27 marzo 1968, in morte di Jurij Gagarin

Un articolo di Gianni Brera dai curiosi toni, stranamente personali e lirici con quel nome italianizzato che lascia un po’ così, scritto in morte del cosmonauta. Lo riporto perché mi ha colpito, non me l’aspettavo da Brera.

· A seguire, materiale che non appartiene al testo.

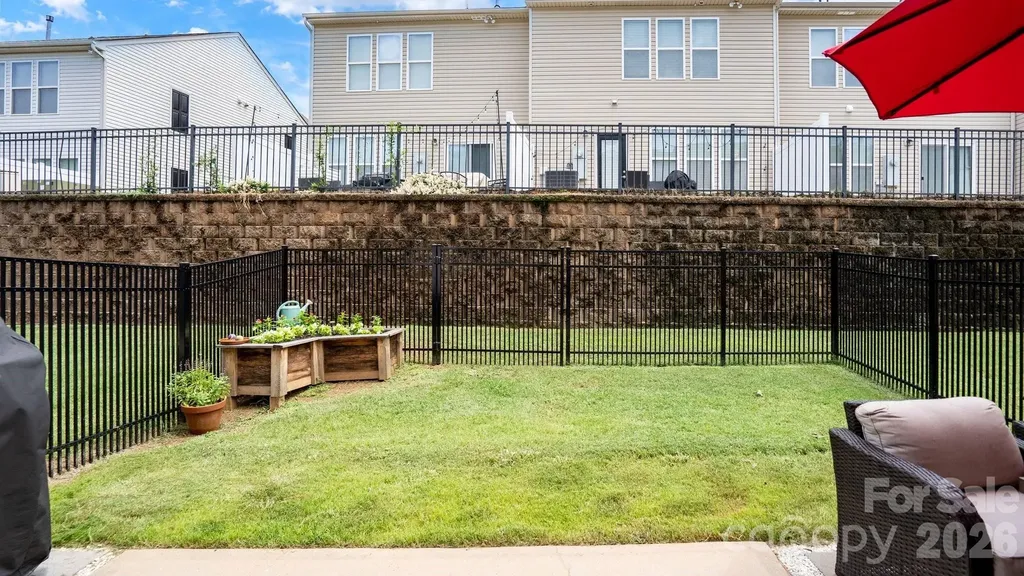 2429 Diplomat Lane Charlotte NC 28210
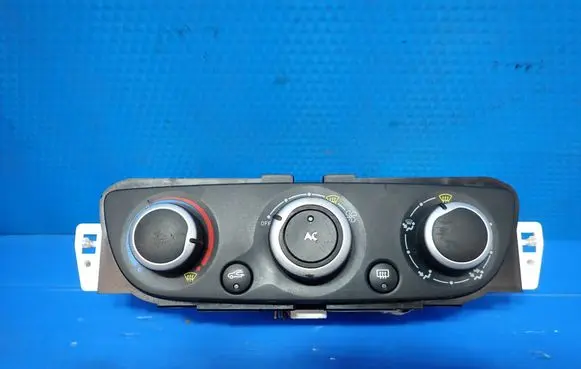 Renault Scenic III - Grand scenic III Climate control unit E1072183A 12032711 1203271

 Giorgio Gagarin è morto. Era stato il primo messaggero degli uomini nel cosmo: l’eroe che esprimeva l’ansia di tutti noi, improvvisamente umiliati dalla pochezza del nostro mondo. Quando un grande eroe perisce, l’uomo appena degno di questo nome sente ingroppirsi la gola. Non valgono parole a celebrarlo. Tanto meno le parole di un umile artigiano della penna. Giorgio Gagarin aveva nel volto chiaro e onesto la serena innocenza del predestinato. Per singolare destino, gli eroi veri sono candidi: i loro occhi esprimono mite purezza: sono puliti fino a commuovere.
Giorgio Gagarin assurge ora a simbolo d’un nobile popolo pervenuto alla ribalta della storia traverso inenarrabili sacrifici. Voi potete pensarla come volete a proposito di socialismo. Ricordando Giorgio Gagarin non dovete macchiarvi di calcoli banali, troppo bassi per lui e per la sua gloria. Giorgio Gagarin era un contadino russo. Con venti copechi si è iscritto a un Aereo Club e ha conseguito il brevetto di pilota d’aereo. Quando si ricercavano astronauti per la conquista del cosmo, Giorgio Gagarin si è presentato ed è toccata a lui la fortuna di precedere tutti.
Era un individuo perfetto. Aveva tanto coraggio da accettare il rischio con superumana calma. È così entrato nel novero dei pochissimi che aiutano i loro simili – in apparenza – a sentirsi uomini, cioè superiori alle bestie. Tra questi pochissimi potete includere alcuni santi soavi ed eroici, alcuni sublimi artisti, alcuni scienziati. Giorgio Gagarin era egli pure un santo, incoronato di un’aureola scientifica: è in effetti l’ultimo santo della nostra religione assurta a filosofia, dunque a scienza.
Non vi sono molti modi di rendere omaggio a un santo che aiutandoci a vivere ci onora. Io sono sopraffatto da queste espressioni che mi vengono dritte dal cuore e da una cultura che purtroppo ignora le rampe dei lanci interplanetari. Avrei semplicemente voglia di piangere e penso che se fossi a Mosca andrei al funerale di Giorgio Gagarin sentendomi per una volta esaltato di vivere in tempi che si onorano di lui.
La vita non è solo rifugio di vili se esprime uomini come Giorgio Gagarin: ma poiché la nostra natura è mediocre, io da pover’uomo mediocre annoto in questo diario che la terra era troppo bassa per quell’anima grande e serena. La limpida fantasia dei primitivi era meno ingombra di simboli distorti: i loro eroi venivano rapiti in cielo: la memoria di essi era mito.
Un epicedio di Giorgio Gagarin è veramente valido se viene composto di sole lacrime virili. Addio, dunque, Giorgio Gagarin di Mosca. Domani, non veduto, coglierò un fiore e pronuncerò il tuo nome: forse pianterò un albero, un umile salice di riva, che ti ricordi a ogni frusciare di foglie. Solleverò una zolla come per gettarla sulla tua tomba. La mia mano tozza di contadino stringerà e tratterrà quella zolla per un istante. Nessuno dovrà sapere con quanta fierezza compirò simile gesto, io contadino come te, Giorgio Gagarin di Mosca.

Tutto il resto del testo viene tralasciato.